All containers must be marked with the radiation trefoil symbol and the words “Caution – Radioactive Material” during collection and at disposal.

The following types of waste are handled by the Radiation Safety Office:

  • SOLID WASTE: Waste which contains only dry solid material such as, but not limited to, lab paper, gloves, pipette tips, glassware, and uranium or thorium containing solid materials. NO WASTE WITH MOISTURE PRESENT CAN BE PICKED UP.  Containers include thick plastic bags.  During accumulation, these bags must be inside a solid frame or fibreboard waste container.
  • SCINTILLATION VIALS: Scintillation fluid contained in vials with samples or wipe tests.  Please use scintillation cocktail with a flashpoint above 140 degrees F.  Check the Safety Data Sheet of the scintillation cocktail to ensure the flashpoint of the cocktail is acceptable.   Collect scintillation vials into trays that will be provided by Radiation Safety.  Please contact radiation safety for a pickup when accumulation of 5 trays is reached.  Ensure that scintillation vial trays are stored upright.

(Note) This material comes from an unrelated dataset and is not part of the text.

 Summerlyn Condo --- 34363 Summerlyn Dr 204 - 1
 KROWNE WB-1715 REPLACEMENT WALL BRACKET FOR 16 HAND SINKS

  • LIQUID WASTE (Aqueous): Liquid aqueous waste that does not contain a hazardous waste component as defined by EPA under the Resource Conservation and Recovery Act (RCRA).   In order to not be defined as hazardous by the EPA, the liquid must:  
    • Have a flashpoint above 140 degrees F.

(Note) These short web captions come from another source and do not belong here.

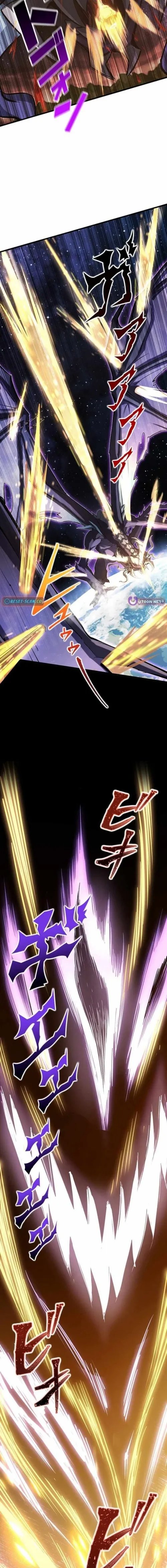 Baca Supreme Academy Genius - Chapter 48 halaman 7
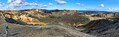 Filename=landmanalaugar_202108_pano39.jpg
Filesize=228KiB
Dimensions=1200x373
Date added=Aug 21, 2022 landmanalaugar_202108_pano39.jpg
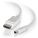 Cables To Go 54298 POS Touch Terminal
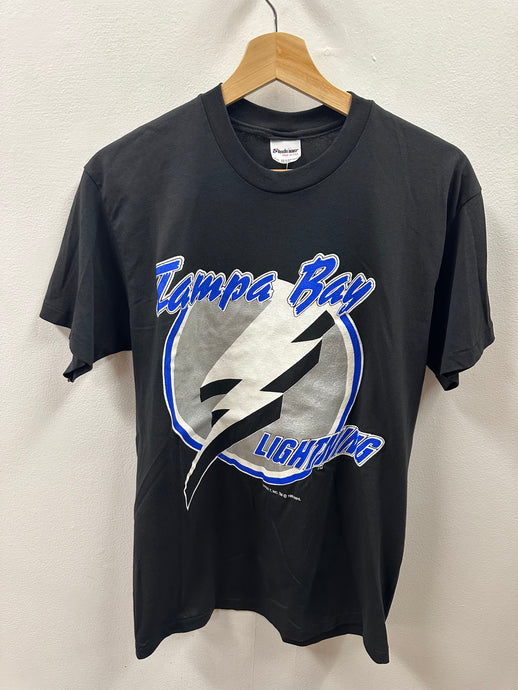 Tampa Bay Lightning Shirt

    • Have a pH greater than 2 and less than 12.5.
    • Not exhibit any reactivity that includes, but is not limited to, being stable and the liquid does not readily undergo a violent change without detonating; it does not react violently with water; it does not form a potentially explosive mixture with water; when mixed with water, it does not generate toxic gases, vapors or fumes in a quantity sufficient to present a danger to human health or the environment; the liquid is not a cyanide or sulfide which, when exposed to pH conditions between 2 and 12.5, can generate toxic gases, vapors or fumes in a quantity sufficient to present a danger to human health or the environment; the liquid is not capable of detonation or explosive reactions if it is subjected to a strong initiating source or is heated under confinement; the liquid is not readily capable of detonation or explosive decomposition or reaction at standard temperature and pressure; and the liquid is not an explosive material.
    • Aqueous non-hazardous liquids that contain radioactive material must be collected in carboys that are provided by the Radiation Safety staff.

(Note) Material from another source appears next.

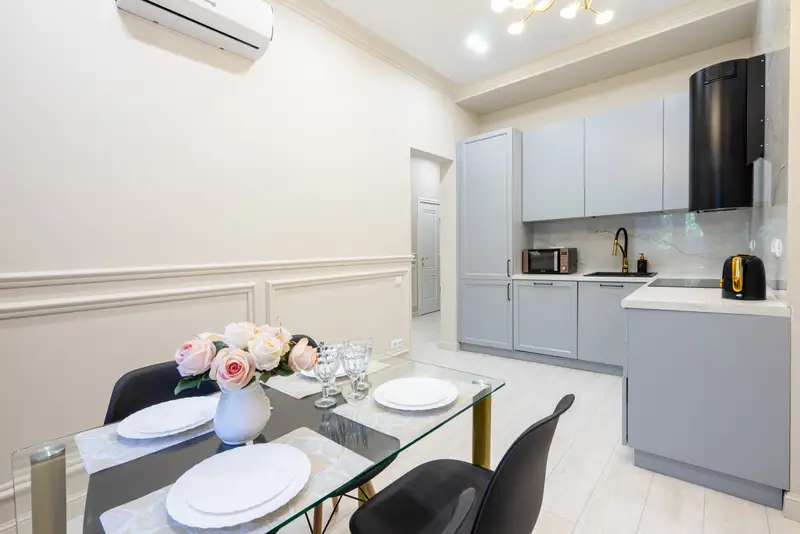 gallery_photo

  • LIQUID WASTE (Hazardous):  The generation of liquids that are both radioactive and meet one of the criteria above, such as but not limited to flammable solvents, aqueous liquids with a pH equal to or below 2 (acidic) or equal to and above 12.5 (basic); reactive liquids or liquids containing metals (besides uranium or thorium compounds), must be avoided at all costs.  If research needs in an area will call for the generation of these types of wastes that are mixed with radioactive material and a hazardous material as defined by the EPA; the PI must be contacted for consultation with the Radiation Safety staff.  Costs for disposal of mixed wastes are very expensive; these costs must be born by the Departments generating the mixed waste material.  The Radiation Safety Office, in conjunction with EH&S management, will work with the Departments and the PIs to determine funding for disposal of any generated mixed waste.
    • Mixed wastes must be collected in containers that will not react with the material and that can be kept completely closed to the environment.
    • A waste tag must be tied to the container upon starting accumulation.  The hazardous liquid, and volume, being added to the container must be written on the waste tag each time material is placed into the container for disposal.  Do not write a date on this waste tag as this container is considered satellite accumulation.  When picked up; EH&S and/or Radiation Safety staff will write a date onto the waste tag.
  • CARCASSES or BIOLOGICAL WASTE: Any animal or biological tissue that has been injected with a radioisotope, and animal bedding or anything used in the care of these animals must be disposed of as solid radioactive waste.  Carcasses and tissues must be stored in freezers and placed in individual closed bags labeled with the radionuclide and total activity.